Culture

Publié le dimanche, 11 avril 2010 à 22h39

Le MAO de Turin et sa première expo

Par Francesca Melle

Le MAO de TurinSans doute le rapprochement phonétique avec Mao Zedong n’est-il pas dû au hasard: les fondateurs du jeune Musée d’Arts Orientaux de Turin, né il y a un an et demi, ont choisi pour l'identifier le sigle MAO: un mot court qui rappelle tout de suite la Chine et par extension l’Asie, l’Orient et ses multiples cultures, civilisations et charmes.

Une institution muséographique qui manquait dans le panorama culturel de la ville, puisqu'il s'agit d'une fondation indépendante : en effet, des collections d’art oriental existaient déjà, mais situées dans le Musée municipal d’Art Ancien (Museo Civico d’Arte Antica, Palazzo Madama). Néanmoins, Turin n’était pas dépourvue de rapports avec l’Extrême-Orient, il suffit de penser à la grande tradition d’études orientales de l’université (en particulier dans le domaine de l’indologie), ainsi qu'à l'intérêt pour ce monde lointain. On a dû toutefois attendre 2008 pour avoir un espace muséographique spécifiquement dédié à l’art des principales régions asiatiques.

La mairie de Turin a mis à disposition le Palazzo Mazzonis, un édifice dont elle est propriétaire, situé dans une rue étroite du centre historique, près de la seule église gothique de la ville. Il s’agit d’un hôtel particulier remanié, du XVIIe siècle, qui a appartenu à plusieurs familles de la noblesse urbaine.
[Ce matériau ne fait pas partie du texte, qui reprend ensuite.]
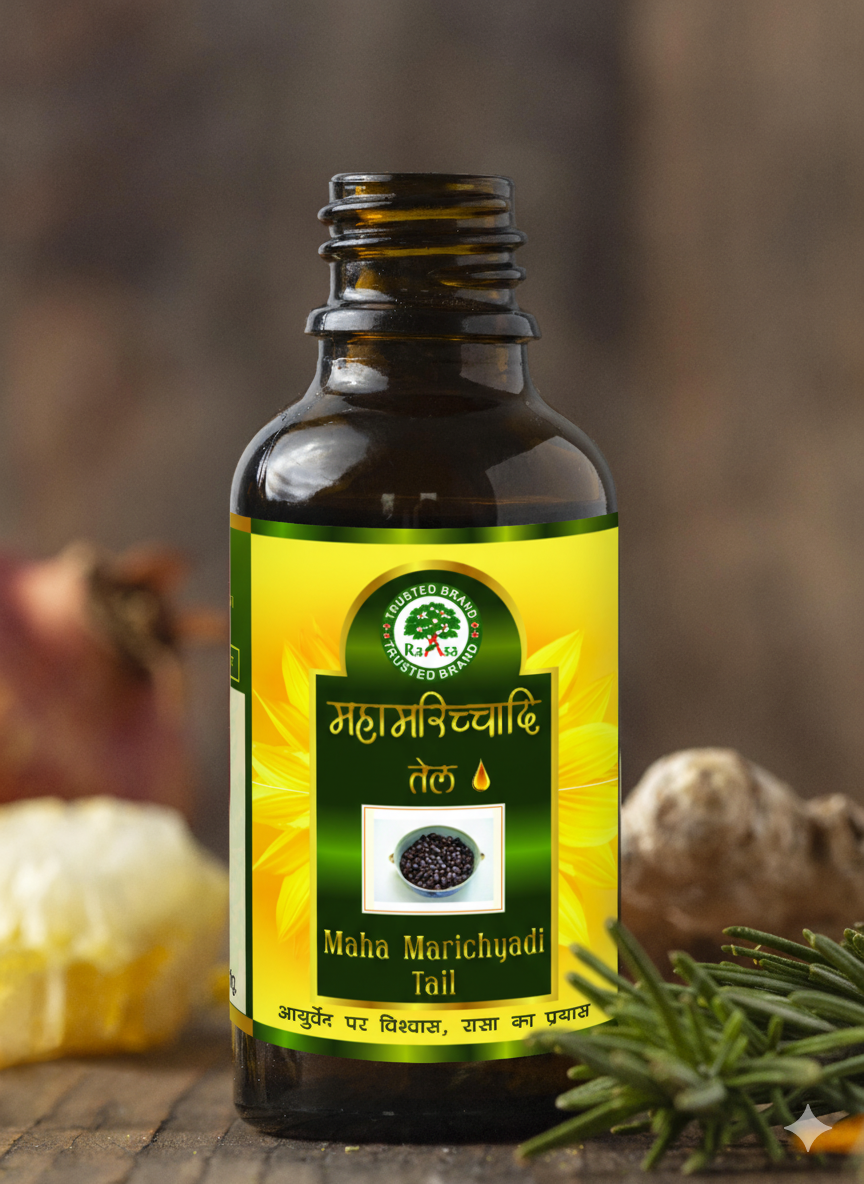 Maha Chandanadi Taila 30ml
En 1870 la propriété passe à la famille Mazzonis - ce qui explique son nom actuel - pour être ensuite vendue à la municipalité de Turin en 1980. Deux ans après, le palais Mazzonis fut restauré et destiné à accueillir les bureaux du Tribunal de Turin avant leur déménagement définitif dans le nouveau Palais de Justice en 2001.

L’inauguration du musée a eu lieu le 5 décembre 2008. Il est composé de cinq départements, répartis sur les quatre étages du bâtiment : ils sont consacrés respectivement à l’Asie du Sud, à la Chine, au Japon, aux régions de l’Himalaya et aux pays islamiques.
La section de l’Asie du Sud, au rez-de-chaussée, présente l’art du Gandhara (région entre les actuels Afghanistan et Pakistan), de l’Inde et de l’Asie du Sud-Est (notamment Thaïlande, Birmanie et Cambodge) ; il s'agit surtout de sculptures. Au premier étage, sont exposés l’art chinois (de la vaisselle du Néolithique aux bronzes, laques et terres cuites des siècles suivants, jusqu’à 900 ap. J.-C.) et la première partie du Japon, qui se poursuit au deuxième étage (en exposition surtout des statues en bois, des peintures et des paravents, couvrant une période allant du XIIe au XVIIe siècle). Le troisième étage est consacré à l’art bouddhique du Tibet (sculptures, instruments rituels, couvertures artistiques en bois d'ouvrages religieux), tandis que le quatrième abrite les œuvres de plusieurs pays arabes et de l’Empire ottoman (vaisselle, céramiques aux motifs d’arabesques et calligraphiques, bronzes, manuscrits, velours ottomans).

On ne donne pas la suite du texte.